I want to be a derivatives trader. (UK based)

Discussion in 'Professional Trading' started by cumblechook, Feb 23, 2007.

  1. I have been checking out Elite Trader for a while before i opened an account. I have a strong interest in economics even though I studied chemistry. I am 29, I am self sufficient, I ran my own business right out of UNi.

    I want advice on how to get into the industry with training on the job. Prop houses appeal to me the most beacause of the training and developmet and so on.
    I am numerate (my mental arithmetic is good) Are there any avenues i need to explore?

    I have applied to Optiver and waiting for a reply.

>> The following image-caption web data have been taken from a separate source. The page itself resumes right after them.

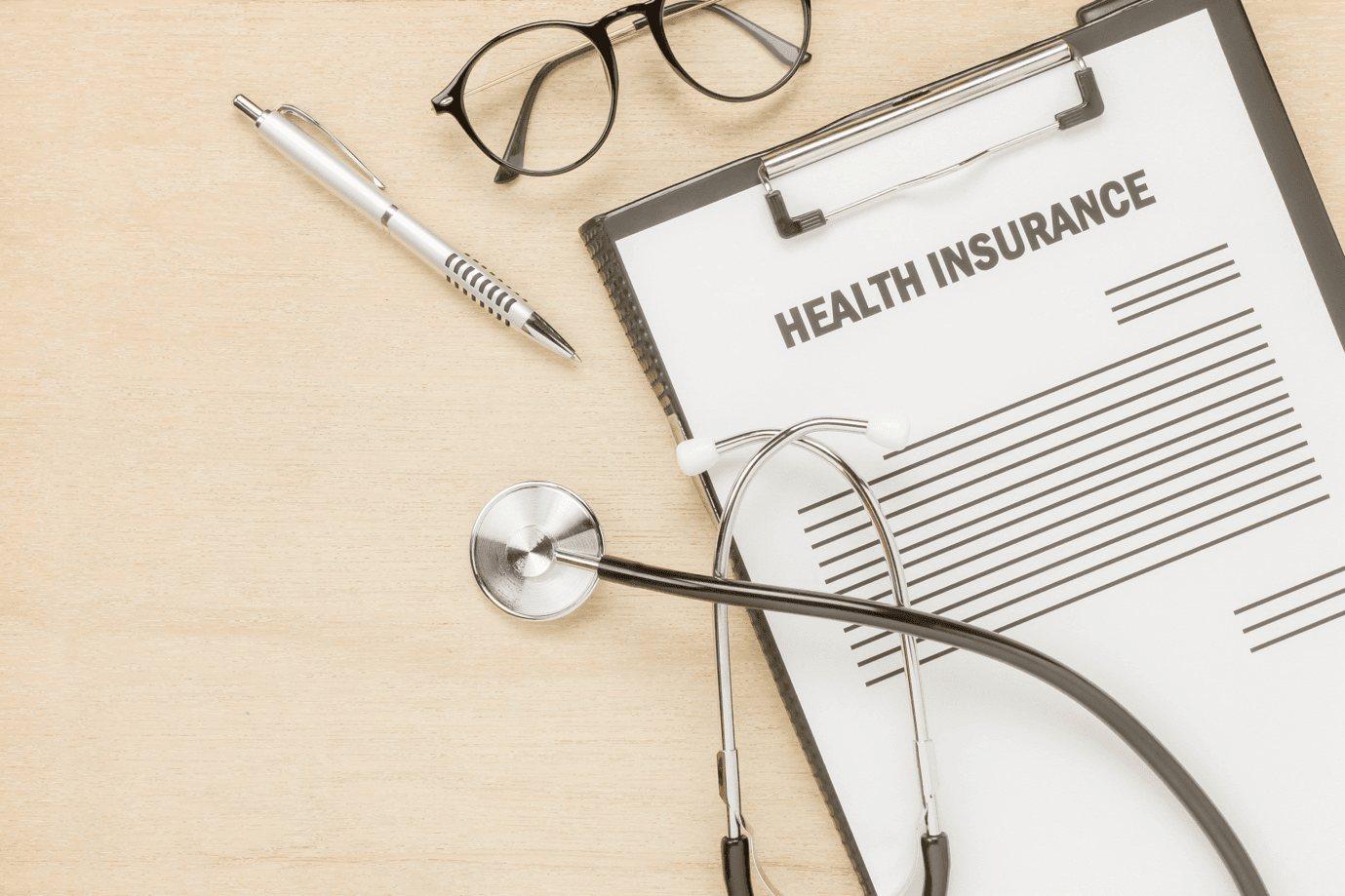 Health insurance forms on a board with a stethoscope, glasses, and a pen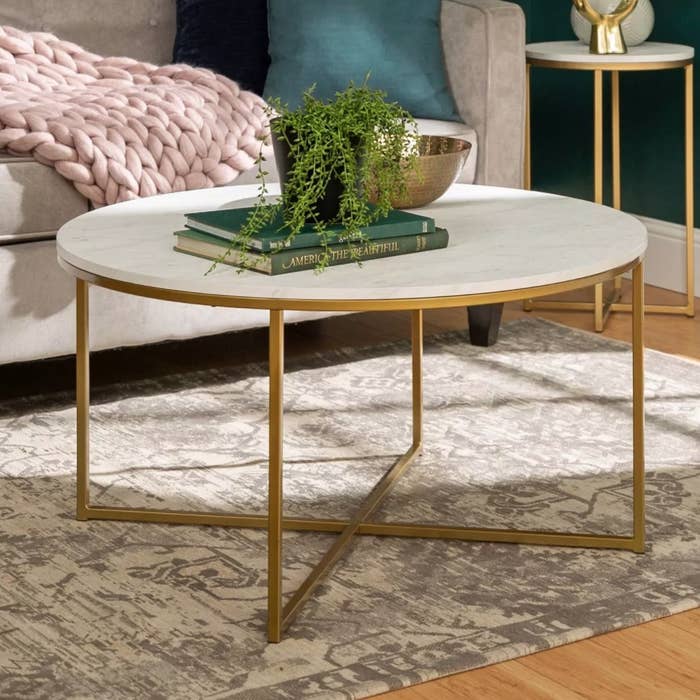 A round coffee table with metallic legs and white faux marble top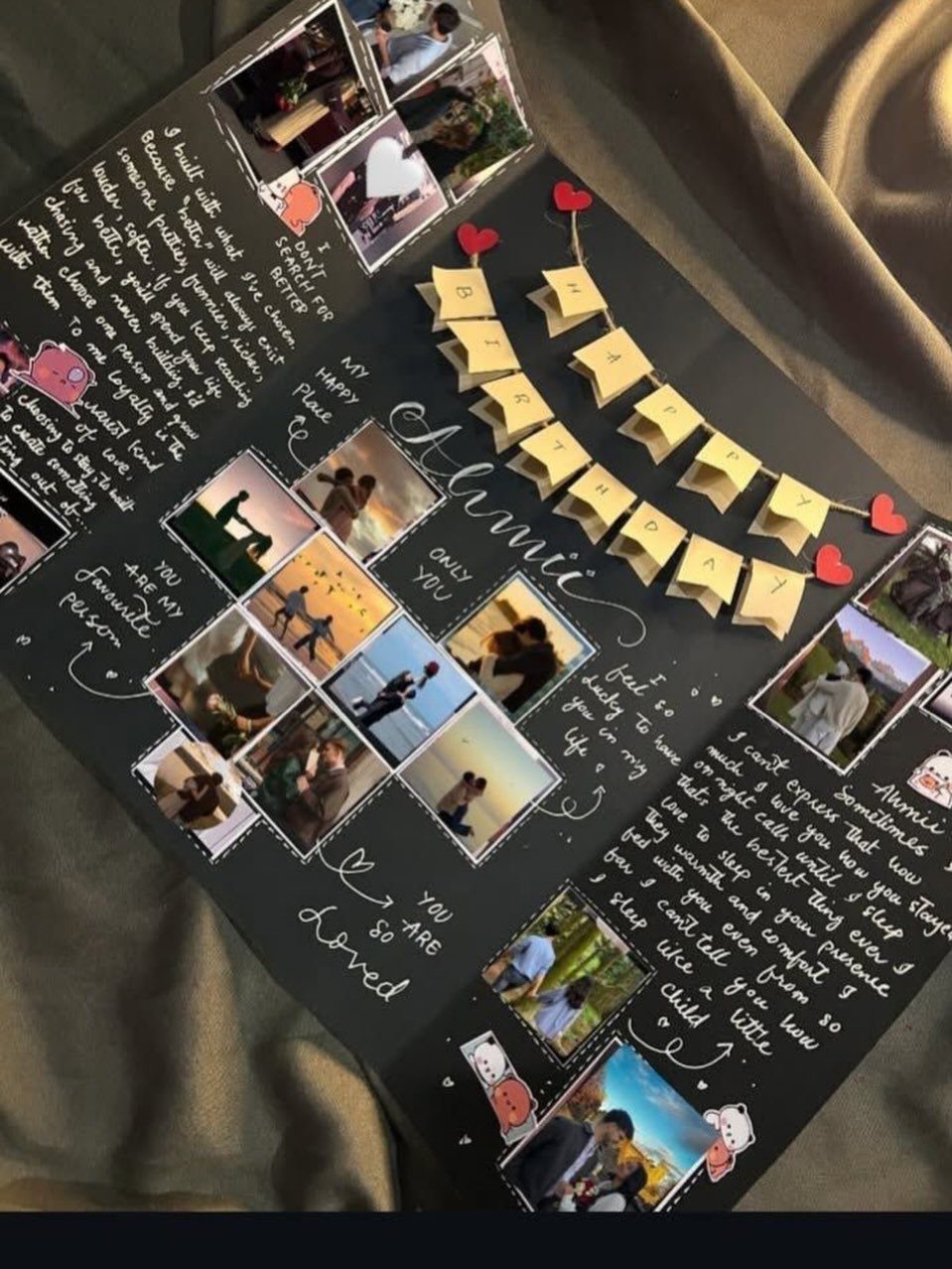 Open black scrapbook with handwritten letters, couple photos, and tiny yellow envelopes.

    What copmpanies should i consider applying to in london?

    I know GHCO are not recruiting at the moment.

    I just want a shot,
    Advice anyone???
  2. Amsterdam houses a number of Trading houses, including IMC one of Optiver's main competitors. Most IB trading houses have offices out of London, so does Liquid capital.
  3. KS96


    My bet is that Optiver will think that you are too old for them, which is b*llsh*t.

    btw, I want to be a movie star :D
  4. curtains


    Optiver will most probably say you have too much experience (you are too old). IMC are more likely to allow you through to interview/testing stage. Study up on your rapid math skills.
  5. Do they actually discriminate on the basis of an applicant's age, or are you assuming they do so? If they do, then YES, that's BULLSHIT!
  6. Dogfish


    For UK prop firms just hit everyone on this list and find out what deal/training they are offering. Some of them are awful and others are great but it depends what suits you geographically your openess to risk - whether you want to be a spread trader or an outright long end trader etc.


    Most people assume you have to be numerate to trade but frankly unless you fancy pricing options you don't, psychology is far more important in my opinion and I'd give a few books a read on the subject, Steenberger's books are handy and one of the few authors to address prop shop trading psychology in his second book.

    He has some free articles on his website "quite likely the largest free collection of trading psychology articles on the Web" http://www.brettsteenbarger.com/articles.htm
    which are helpful and he trades futures intraday as well as being a shrink.
    Good luck.
  7. Thanks for the links!
  8. Thanks dogfish a good site


  9. zmodp


    From what I could find on the net at the time, I learned that they give you 2 Math tests, and if you pass them, then you get the usual HR type interview (if you get to HR intrvw, I think your chances are pretty good considering many don't pass the first test). First test is arithmetic: +, - , / , * : You must train on this "without" a calculator. Make up some probs (fractions, decimals, etc.) and time yourself. This part is negatively graded (i.e., wrong answers count against you). You have to answer 52 problems to even be graded (can't remember the time limit, check this on posts from wilmott.com). There are 60+ probs provided.
    Second, test is calculus. Think its mostly on series. Learn all the tricks from say "schaums outline." Not sure of time constraints, but its the same idea as the arithmetic part. It would make sense to sharpen up on probability, but I can't confirm Optiver screens for that. Good luck with it, and study up on the greeks and hedging in case you get to the HR part of it.
  10. Dogfish


    Calculus - urrgh! Well just in case that put the heebie jeebies up people wanting to trade who aren't mathematical enthusiasts there are plenty of firms which don't need you to do that!